Ronnie Screwvala, chairman of media & entertainment company, UTV Group, said that his firm had invested £75m (5.5bn rupees) in three game titles.
The first of these - a action game called El Shaddai, inspired by the Book of Enoch - is due for release later this year.
But Piers Harding-Rolls, an analyst with Screen Digest, said that it was a "tough market" to launch new brands.
Mr Screwvala told BBC News that UTV was expanding into the global games market, as it was the next logical step for the firm.
"In India, we are already the number one movie studio in the country and we have five genre specific television channels too," he said.

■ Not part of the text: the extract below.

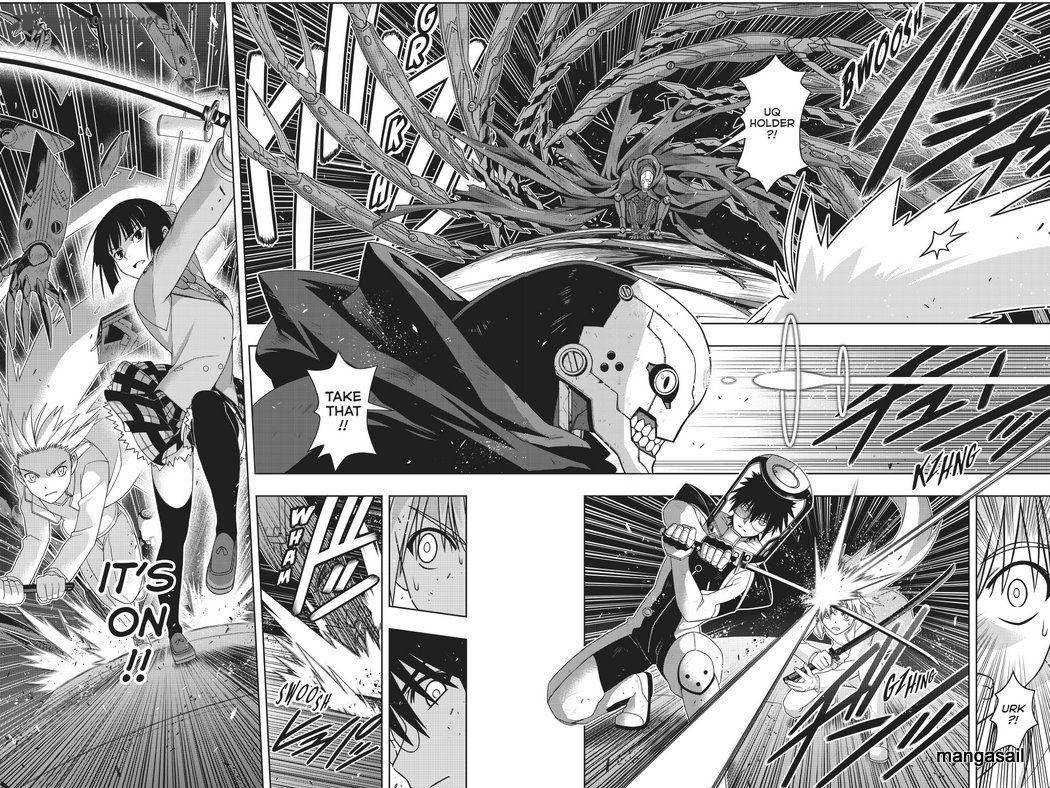 Uq Holder 144 17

"We were looking where we could drive content and the creation of intellectual property (IP) content, because that is where we believe maximum wealth can be derived.
"And that is where games came up. We looked at the geography, there were limitations where India is concerned - except for mobile platforms - and so we needed to expand our market.
Mr Screwvala said that his firm made a number of acquisitions two years ago, buying up an Indian development studio specialising in mobile gaming, UK developer Ignition and has set up a separate development studio in Gainesville, Florida.
The firm has three console titles currently in development and is now looking to secure a distributor before the games are released.
Mr Harding-Rolls said that releasing new IP into a mature market was not without risk.
"When you get past a certain stage in a consoles lifecycle, the titles that work tend to be sequels and reworking of existing contents," he said.
This is due, in part, to brands being established in the minds of gamers.
"If you're coming fresh to the market, you are not going to get the benefit of that, because by the time they look to release potential sequels there could be a new console," he added.
Screen Digest thinks that there will be a new XBox and Wii by 2013 and 2014 for a new PlayStation, although they said that estimate would be "at the earliest".
"There's less money being spent on games compared to last year, but games are still selling and its a substantial market, albeit declined slightly year on year," said Mr Harding Rolls.
Despite rapid advances in India's infrastructure, education and training it still has little in the way of internal game development for consoles.
Mr Screwvala said this was due, in part, to a lack of cultural history in video gaming.
"India has yet to get into the cultural habit of video gaming," he said.
"And equally important is that the Indian psyche is not used to paying for content.
"People were very used to getting pirated copies at a fraction of the cost you would expect to pay in the west.
"To change that takes a decade, you are not going to change that overnight.
"In the mobile and online space, India has the potential to become a nation of gamers.
"But in the console space, this is unlikely due to the access point, because you need the hardware.
Mr Screwvala drew comparisons with China and Korea, where there is now a huge number of gamers, the vast majority of which play online - as opposed to console - games.
"The massive multiplayer concept is almost gambling like in the way it hooks people in and that is the way I see India get into gaming," he said.